Но идиллия продолжалась недолго. Новая власть (как, впрочем, по большей части и прежняя) не могла ужиться даже с относительно независимым от нее классом. Управление с помощью механизмов косвенного регулирования не соответствовало ни российским политическим традициям, ни тем более характеру и духу нового режима. «Не за то боролись» большевики, чтобы выпустить из-под своего контроля жизнь большей части общества, отдав ее во власть «мелкобуржуазной стихии». Ведь при этом, с одной стороны, режим был бы вынужден отказаться от применения тех инструментов и способов управления, которые составляли главный источник его силы (жесткое прямое регулирование при помощи административных, военных и идеологических рычагов), а с другой – деревенское население приобрело бы относительную независимость от власти. А любое подобное самоограничение, с точки зрения автократии, ослабляет власть и потому неприемлемо.
Социально-экономическая ситуация в городе (неспособность власти принять эффективные меры по восстановлению развалившейся в годы революции промышленности, по организации производства нужных населению промышленных товаров, по обеспечению людей работой) тоже подталкивала режим в сторону крайних мер. Перемирие власти с крестьянством оказалось непродолжительным. Очень скоро стали угадываться «кануны» – предвестники рокового поворота событий. Власть все более бесцеремонно вмешивалась в хозяйственную жизнь деревни, усиливала пресс налогов, поборов и всевозможных обложений. Причем доминирующая доля тягот возлагалась на плечи станового хребта деревни – эффективно работающих и потому сравнительно зажиточных крестьян. Шло откровенное заигрывание с «голытьбой», с «деревенским пролетариатом», т. е. с теми, кто даже в условиях значительной государственной поддержки не смог успешно хозяйствовать и выбиться из бедняцкого прозябания. Но и это было лишь прелюдией к последующему тотальному разгрому, закабалению и разграблению деревни.

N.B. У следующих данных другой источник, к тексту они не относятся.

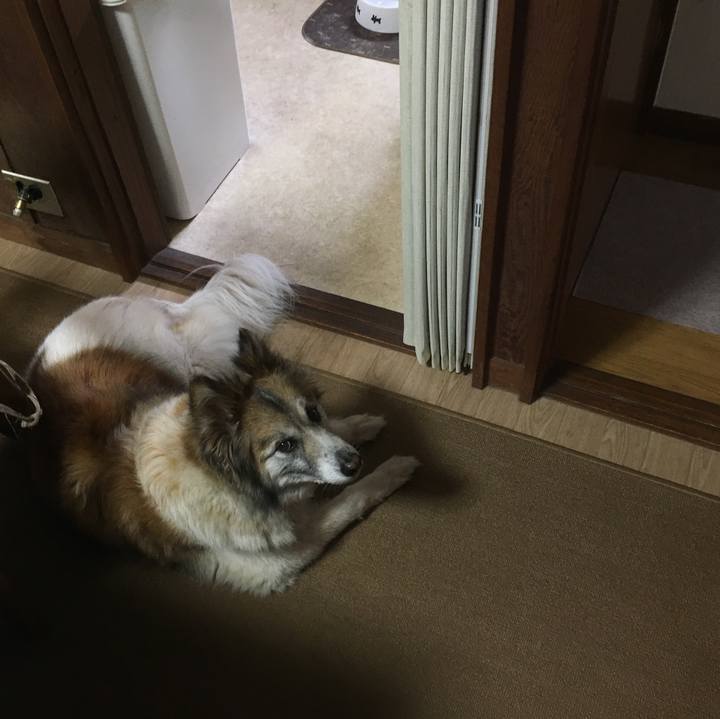 739a0b59 4cb9 42eb 8ea6 b9a4a15b9a21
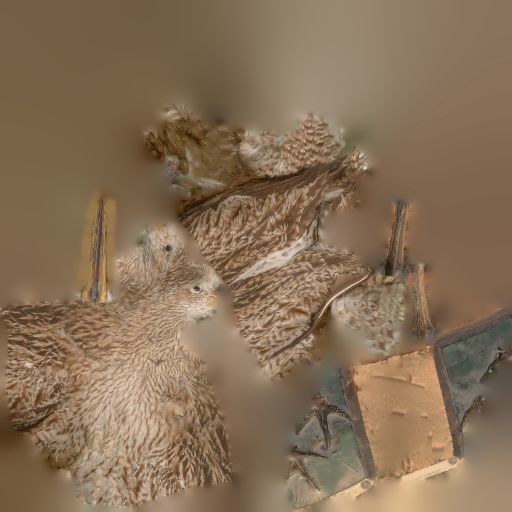 Bird Photorealistic Posed Low-poly 3D model_7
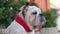 Young english bulldog in a red bandage collar sits and looking around in the yard in summer and guard the house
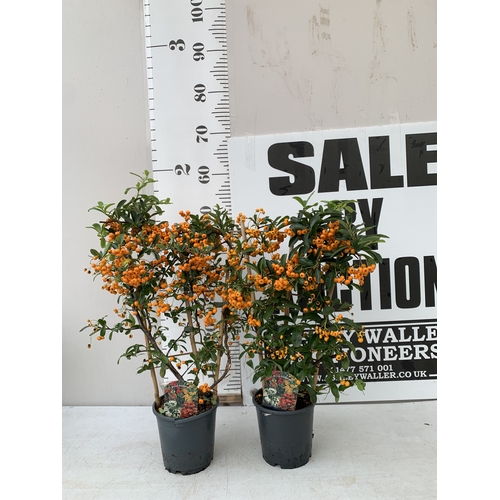 Lot 7         
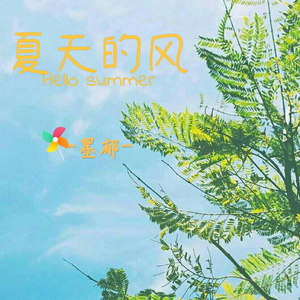 夏天的风(男声版)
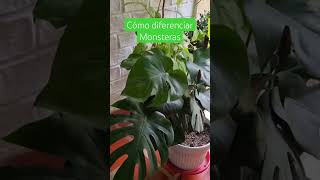 Cómo diferenciar monsteras artemodayplantaslilianamuñoz cali sigueme [upl. by Milurd179]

Экономическая же подоплека событий такова: поскольку власть не могла предложить крестьянам в обмен на их хлеб достаточное количество промышленных товаров, то нужно было либо срочно обеспечить их производство, либо отнять хлеб. И после внутрипартийной дискуссии, в ходе которой сторонники умеренного, основанного на более или менее нормальных экономических предпосылках курса, были задавлены сталинистами, в 1929 году власть приняла однозначное решение. Вместо развития партнерских отношений с крестьянством, избрав стратегию его ограбления и закабаления под лозунгами «сплошной коллективизации» и «уничтожения кулачества как класса».

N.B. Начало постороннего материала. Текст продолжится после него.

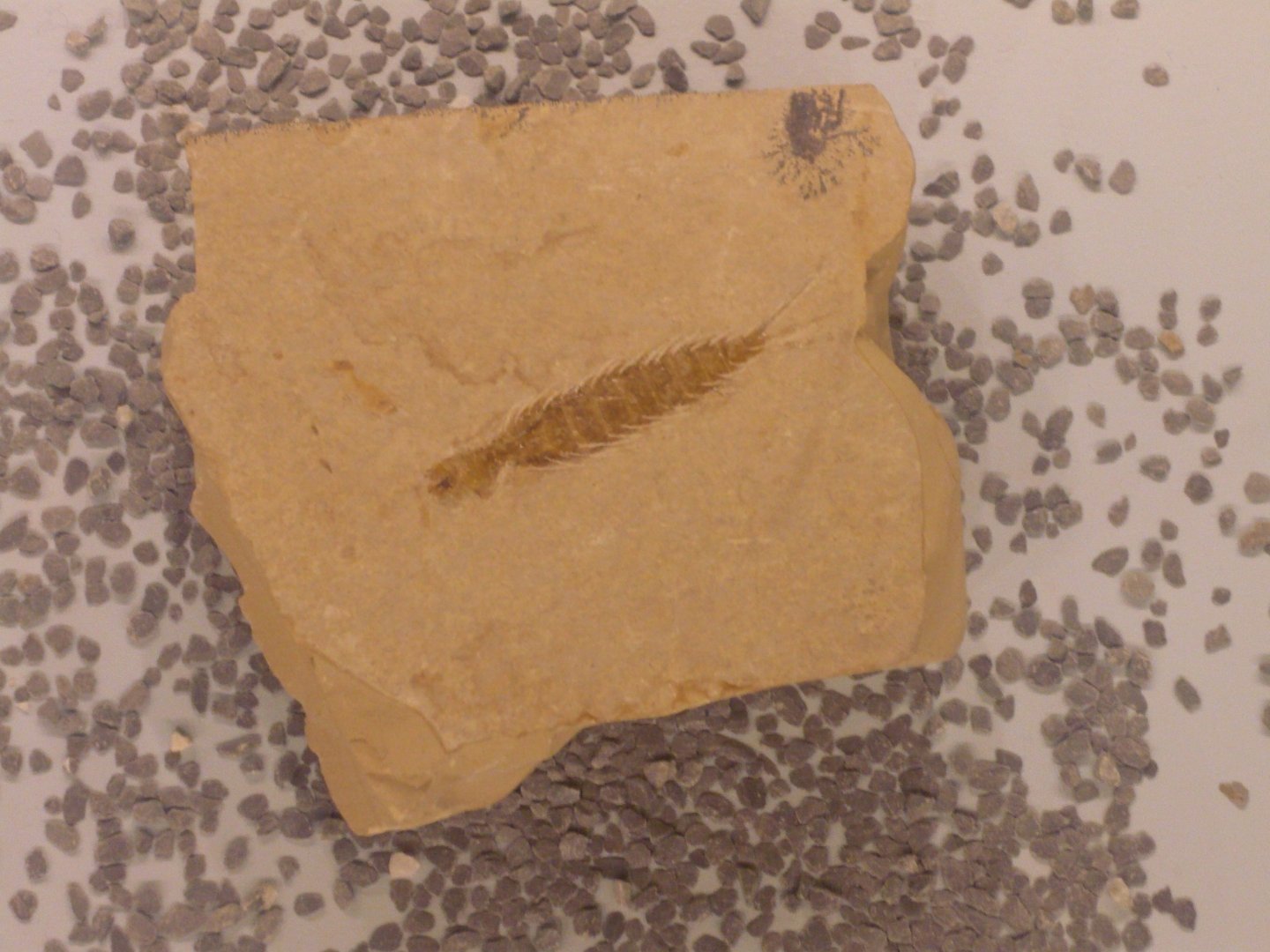 Ephemeropsis trisetalis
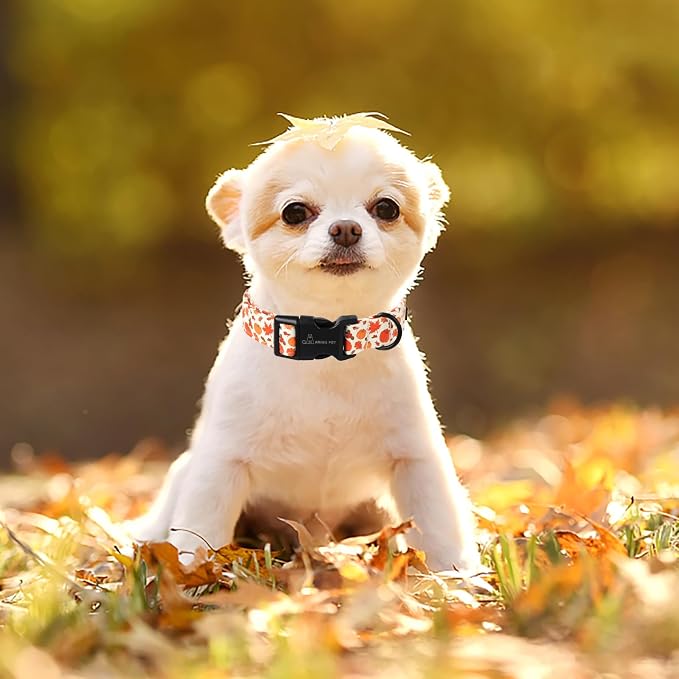 ARING PET Fall Dog Collars, Cute Autumn Pumpkin Maple Leaves Pet Collar with Quick Release Buckle for Small Medium Large Girl Boy Dogs-M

И страна почти не заметила – еще один из страшнейших парадоксов сталинского времени – какая жуткая вивисекция была произведена на ее теле. О подлинном смысле, масштабах трагедии, ее ближайших и отдаленных последствиях долгое время практически никто не догадывался. Да и о самих событиях, помимо их крайне куцей официальной версии, мало кто знал (во всяком случае в городах). Лишь постепенно правда о судьбе этого «бесписьменного народа» (выражение А. Солженицына) начала просачиваться наружу. Даже число жертв коллективизации до самого конца существования СССР оставалось тайной. Да и существуют ли прямые данные? Кто мог быть заинтересован в подобного рода учете? И сегодня в дискуссиях о голодоморе фигурируют цифры с почти четырехкратным разбросом – от 3 до 11 миллионов!
С точки зрения нормальной политической экономии насильственная массовая коллективизация была полным абсурдом. Вряд ли в европейской истории XIX–XX веков, т. е. во времена, когда теории Адама Смита и его последователей стали неотъемлемой частью сознания образованных людей, можно найти аналогичный пример столь явного пренебрежения законами экономического развития при принятии политического решения.